# Far Cry 3



## ClarkeG (Jun 17, 2006)

Well did anyone buy it?

I got it on the Xbox and love it! I played the original far cry when it was out but never played the 2nd one.

It's so much fun going stealthy and throwing rocks to get the attention of the bad guys then taking them out with a head shot from my recurve bow lol!

Clarke


----------



## dcj (Apr 17, 2009)

Nipped to a mates yesterday who had it on and he said it was the best game hes played on X-Box,(and hes played a lot) but not sure if its a game I could get into,a bit too much non action just walking around for me.


----------



## ClarkeG (Jun 17, 2006)

dcj said:


> Nipped to a mates yesterday who had it on and he said it was the best game hes played on X-Box,(and hes played a lot) but not sure if its a game I could get into,a bit too much non action just walking around for me.


I don't find it quiet at all, between missions and town areas, etc you regularly come across pirates blocking the roads and have to take them out. There is a lot of action in it.


----------



## dcj (Apr 17, 2009)

ClarkeG said:


> I don't find it quiet at all, between missions and town areas, etc you regularly come across pirates blocking the roads and have to take them out. There is a lot of action in it.

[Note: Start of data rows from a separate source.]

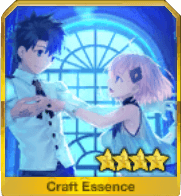 fgo-Waltz in the MOONLIGHT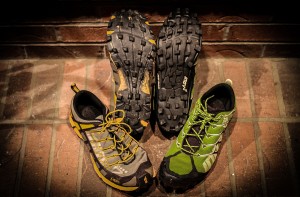 X-Talon 212 vs Bare Grip 200 Review Inov-8 Review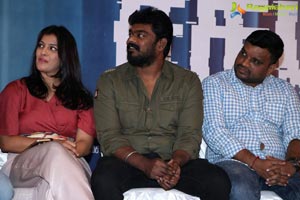 Sathya Press Meet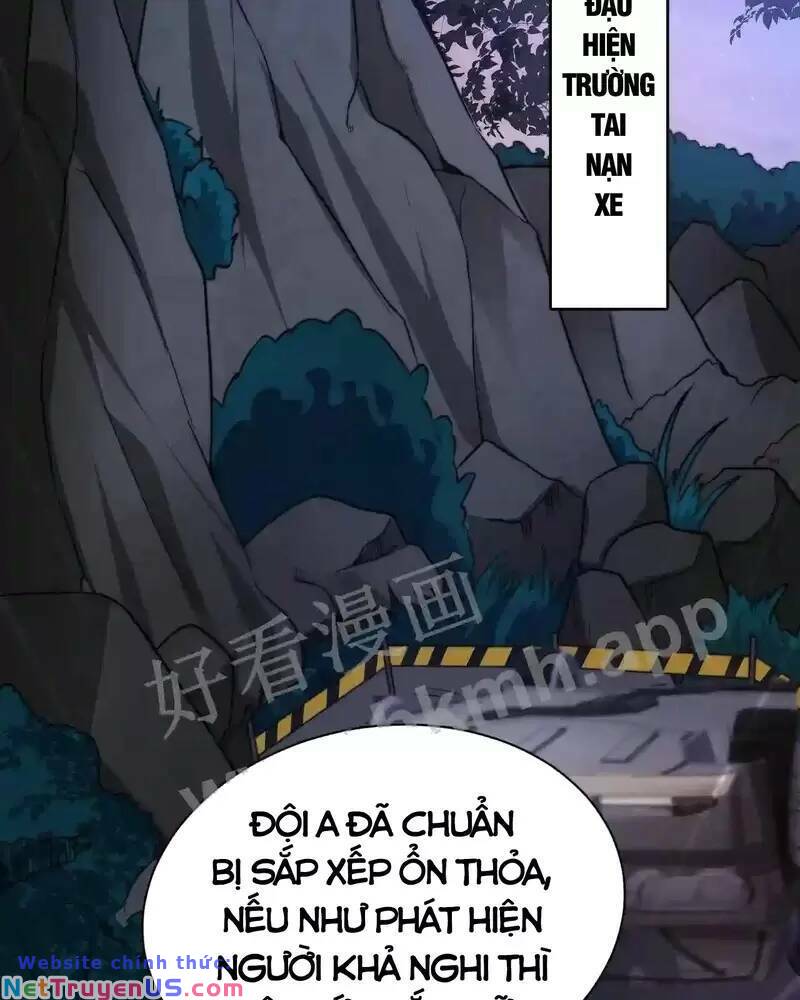 Bắt Đầu Livestream Ở Địa Phủ: Phát Sóng Trực Tiếp Ở Đây Ai Dám Đến: Chapter 3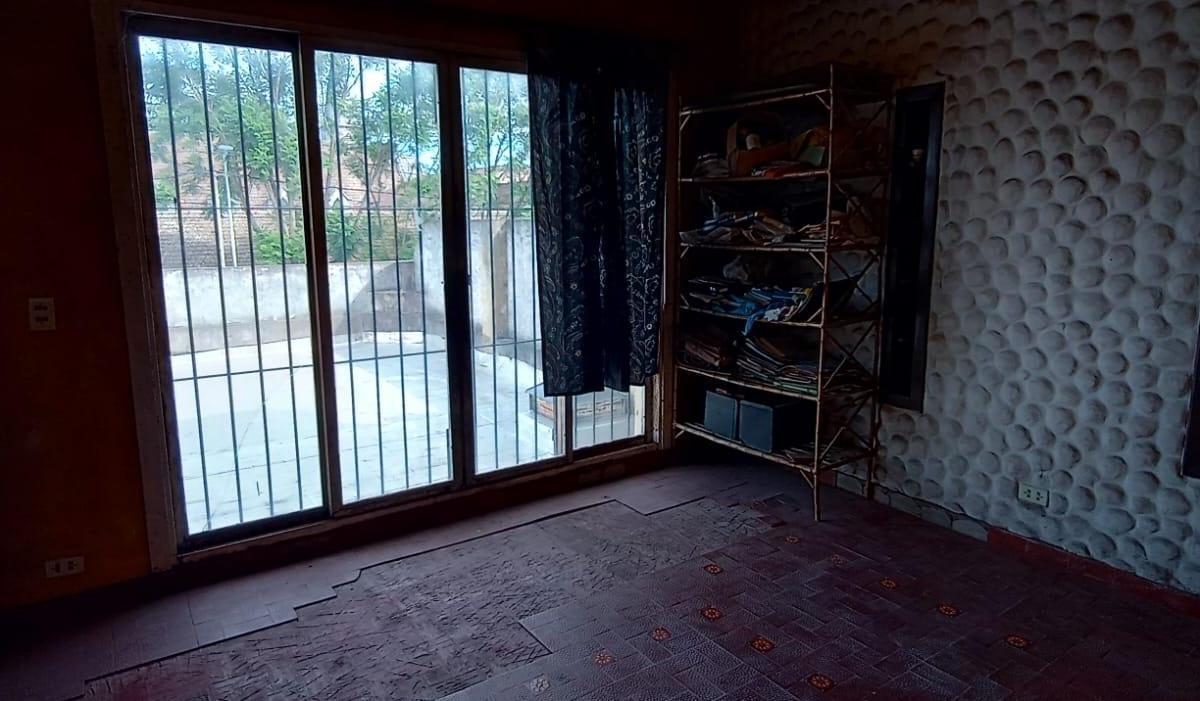 Vivienda con Departamento en Venta. Los Polvorines
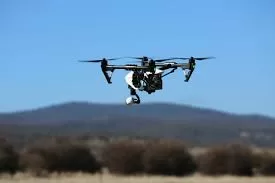 Australian Border Force discontinues DJI drone use until a safety review is conducted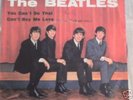 BEATLES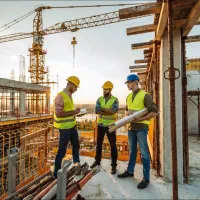 جذب نیروی جوان (پروژه ای و قراردادی)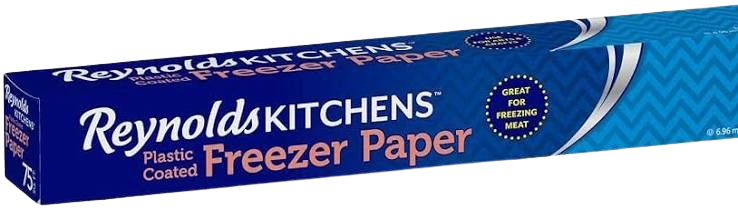 FREEZER WRAP PAPER 75FT 12/18IN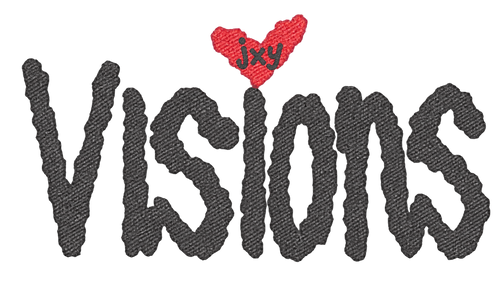 Jxy Visions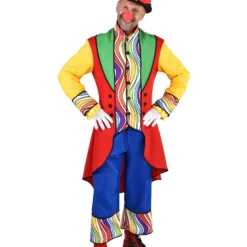 Clown Rainbow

Probably just the 10 minutes I saw (where all he did was shoot a komodo)and jumped to conclusions,I,ll wait til hes finished it and have a go myself.


----------



## rtjc (Apr 19, 2009)

Looks & sounds pretty good. Might buy this once the Christmas spending and such is out of the way. I quite like the sound of it being a world you can roam about in


----------



## stevie_m (Apr 10, 2010)

Getting some really good write ups


----------



## Certi (May 5, 2011)

Awesome game, definitely my game of the year.


----------



## Jack (May 14, 2007)

I played the second one and thought it was very repetitive. Also hated the fact that you couldn't do free roaming once the game was complete. Hope this one is better.


----------



## ClarkeG (Jun 17, 2006)

Certi said:


> Awesome game, definitely my game of the year.


Totally agree, loved it, finished the main story but lots of side line missions to do still.



Jack said:


> I played the second one and thought it was very repetitive. Also hated the fact that you couldn't do free roaming once the game was complete. Hope this one is better.

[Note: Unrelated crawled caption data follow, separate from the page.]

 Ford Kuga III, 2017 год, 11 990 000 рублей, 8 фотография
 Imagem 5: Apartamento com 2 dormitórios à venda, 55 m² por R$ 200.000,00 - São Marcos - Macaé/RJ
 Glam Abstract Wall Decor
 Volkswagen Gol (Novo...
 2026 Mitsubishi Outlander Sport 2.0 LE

You can with this one as I have completed the main story but there are wee side line missions not related to the main story and you can still do them.


----------



## Certi (May 5, 2011)

The side missions and collectibles are worth doing just for the special guns you unlock. The 'bull' shotgun is a beast!


----------



## JMorty (Apr 25, 2011)

Great game, totally hooked on it now. I love the way the character progresses through the game and the skills!!! Makes the game really rich! Anyone want to play online?


----------



## Dizzle77 (Mar 27, 2010)

Bought the game when it came out, but only had a chance to play it properly a couple of days ago. Really enjoying it.

Not tried the online yet, but my PSN name is Normangah


----------



## Glennroy (Jul 12, 2006)

I got it for x mas probably one of the best fps i have played its like a mix up of red dead redemption and dead island


----------



## T.D.K (Mar 16, 2011)

Best game I've played in a while, I've sunk a good 8 hours in it and still find it really fresh and good fun. Story keeps you interested and combat controls are really tight.

PS3 does seem to struggle to load scenary sometimes and the frame rate drops very occassionally but it's probably pushing the machine to it's limits. Graphics are superb.

Game of the year for me.


----------



## FocusST (Mar 20, 2013)

Really enjoyed this game! Good graphics and gameplay


----------



## LeadFarmer (Feb 23, 2011)

I bought it soon after release, but its still in its plastic wrapper unplayed. I must try and pay it tomorrow.


----------



## Glennroy (Jul 12, 2006)

All finshed now just a couple of tropihes to get for a platinum


----------



## 1900al (Apr 28, 2007)

Only £14.99 now! Bargain. link to Zavvi. :thumb:


----------